В тот вечер, когда Ральф пришел из школы, Виктория попросила его посмотреть одежду отца и оставить себе то, что понравится. Сын вышел, держа в руках несколько галстуков, три бледно-голубые сорочки, еще одну сорочку в тонкую фиолетовую полоску и пару джемперов. Больше он не стал ничего брать. Костюмы его не впечатлили. Сказал, что никогда не наденет то, что не в его стиле.

Судя по всему, необходимость разбирать одежду отца нисколько не тронула Ральфа. Он вел себя так, словно мать каждый день просит его сделать нечто подобное. Но Виктория понимала, что сын намеренно так поступает, чтобы огорчить ее, и, к своему удивлению, заметила, что уже не так сильно переживает. Она начала привыкать к безразличию сына, и оно даже принесло ей облегчение.
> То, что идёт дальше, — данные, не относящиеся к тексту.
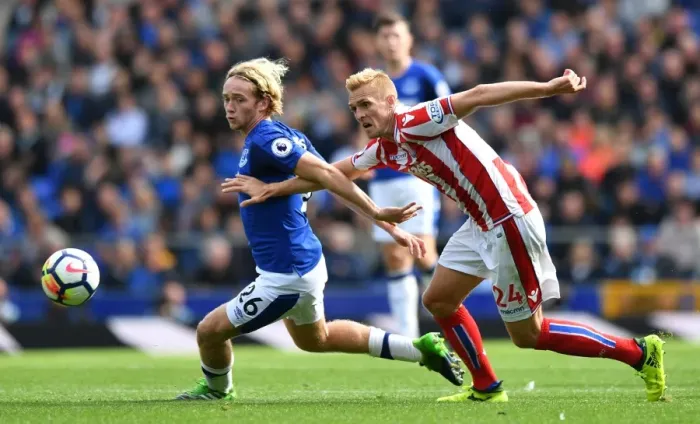 Framed Print : Everton vs Stoke City: A Battle for Supremacy at Goodison Park (Premier League 2017-18) Framed Print : Everton vs Stoke City: A Battle for Supremacy at Goodison Park (Premier League 2017-18)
Теперь он не мог сильно ранить ее.

Когда Ральф ушел к себе, Виктория сложила одежду в черные пакеты для мусора. Она справилась сама и не стала просить детей о помощи. Позднее она перебрала свой гардероб и, с удивлением обнаружив в глубине шкафа множество вещей, о которых забыла, выбросила все, что ни разу не надевала в течение года. Шкаф освободился на две трети, и занятыми оказались только два ящика из пяти. Пустые вешалки, на которых когда-то висела их с Лео одежда, и свободные шкафы почему-то подняли настроение Виктории. Она перенесла все пакеты в гостиную. Прислонившись на мгновение к отполированному деревянному обеденному столу, оглядела стены и полки и поняла, что нет никакой причины, почему она должна хранить украшения и картины, которые ей никогда не нравились. Для начала Виктория выбросила уродливые серебряные подсвечники, которые Эльза подарила им на Рождество. Ее взгляд упал на еще один подарок от матери Лео – фарфоровый чайный сервиз, она им практически не пользовалась. Но Виктория не стала трогать его, решив, что для одного дня достаточно.

Ральф в кухне готовил себе еду. Холодильник отчаянно сигнализировал о том, что его дверца давно открыта. Судя по запаху, на гриле что-то уже подгорало.

– Я купила стейк, – приветливо сообщила Виктория, закрывая дверцу холодильника и наливая чайник. – Думала, что мы приготовим его на ужин.

Ральф снял с гриля два тоста с сыром и сел за стол, сдвинув на край ноутбук Виктории.

– Я ухожу, – сообщил он, не глядя на мать.